Male sports' rosters are capped, meaning that outstanding walk-ons are told "Thanks, but no thanks. Check with intramurals."
Women's rosters are inflated, meaning that some athletes listed on a roster may have little or no experience and may not actually practice/compete.
Both methods help athletic departments achieve gender equity - at least on paper.
Ah, the beauty of proportionality...
Read more from Allison Kasic of the Independent Women's Forum here.
This article presents a good example of roster management at work at Boise State, complete with a great definition of the practice: "Roster management entails promoting walk-on opportunities in women's sports and limiting men's rosters to the minimum necessary to compete for championships."
Kasic has also posted on the fight to save Delaware's men's track program. Read more here.
Seems the government may actually investigate a claim of gender discrimination against - get this - men!
This will be interesting to watch. I've seen examples of men's teams unsuccessfully sue schools to try and get their programs reinstated, but this is the first time that I can remember the government investigating a school on Title IX grounds on behalf of a men's team. If nothing else, the investigation should produce more information about the process that led to the school's decision to cut the programs -- a decision that obviously wasn't publicly debated,as it caught those involved completely off-guard. Stay tuned.
On the subject of UD track, the university denies it intentionally blocked the track team's Save UD site. Read more here.
Wall told The Review Thursday that several people had informed him they could not access the site. He said he confirmed it by testing several locations on campus and by accessing his site logs, which showed there had been no visitors from the university network since April 4.
Tests by The Review also confirmed the site was not accessible from campus. A reporter sitting in Kirkbride Hall Thursday afternoon tried, but failed, to access the site. But moments later, the reporter successfully accessed it using a proxy server, a third-party website designed to help users bypass content filters.
"I was very upset today," Wall said Thursday night. "I just don't think the university has a right to do that. They can block explicit material like porn [...] but a blog, voicing an opinion they feel is against them? To me that violates freedom of speech."
Contacted by The Review Friday morning, university spokesman David Brond said the site was blocked April 3 by an automatic process meant to keep spammers and hackers off of the university network.
"The IP address the website is part of tried to contact 11,000 people on this campus," Brond said. "Immediately, automatically our server said, ‘It must be a hacker.' It didn't even know it was saveud.com."
Brond became aware of the site Friday when he received a Google News Alert about a post on the site regarding the federal investigation. When he visited it, he saw another post accusing the university of blocking the site.

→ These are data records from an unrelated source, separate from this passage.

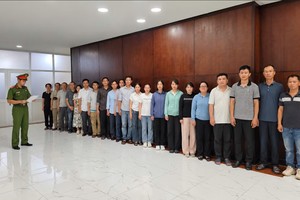 37 bị can trong đường dây mua bán hóa đơn (ảnh: Công an TP.HCM)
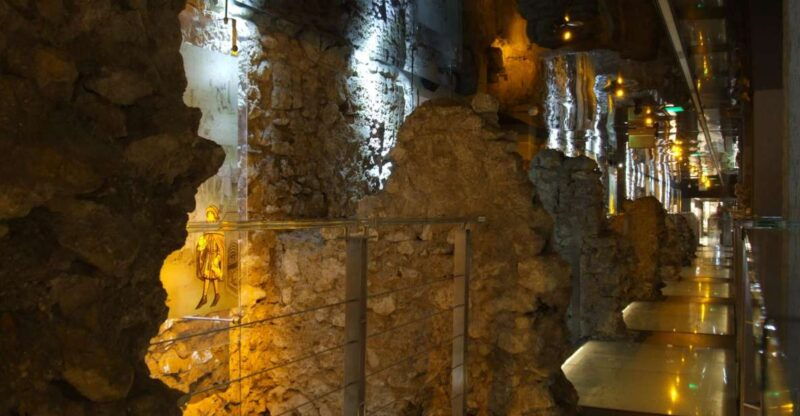 krakow-skip-the-line-underground-museum-and-old-town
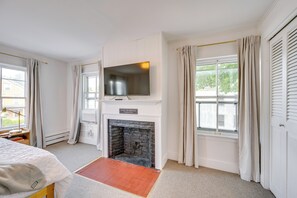 Apartment (0 Bedroom) | Interior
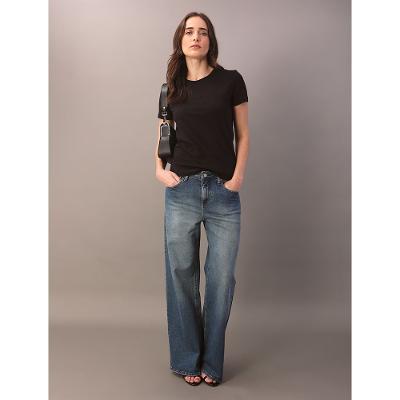 Camiseta Logo Embossed Bordado - Preto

He viewed the site and instructed IT personnel to manually override the block.
"It was never a conscious decision to block this," Brond said, adding that several IP addresses are automatically blocked every week.
Although the site is now accessible on campus, Wall said he remains skeptical of Brond's explanation.
"I'm not going to take the university's word for that," he said. "It's definitely possible, but I'm not convinced."
Gotta love the trend. Investigative journalism being used to shine a little light on the subject. If Josh Shannon hadn't done a little research for this story, do you think they'd have acted so quickly? At all?
It's not paranoia if they really are out to get you, right?
The First Amendment isn't what it used to be...
Artist asked that I remove cartoon that was here. No problem.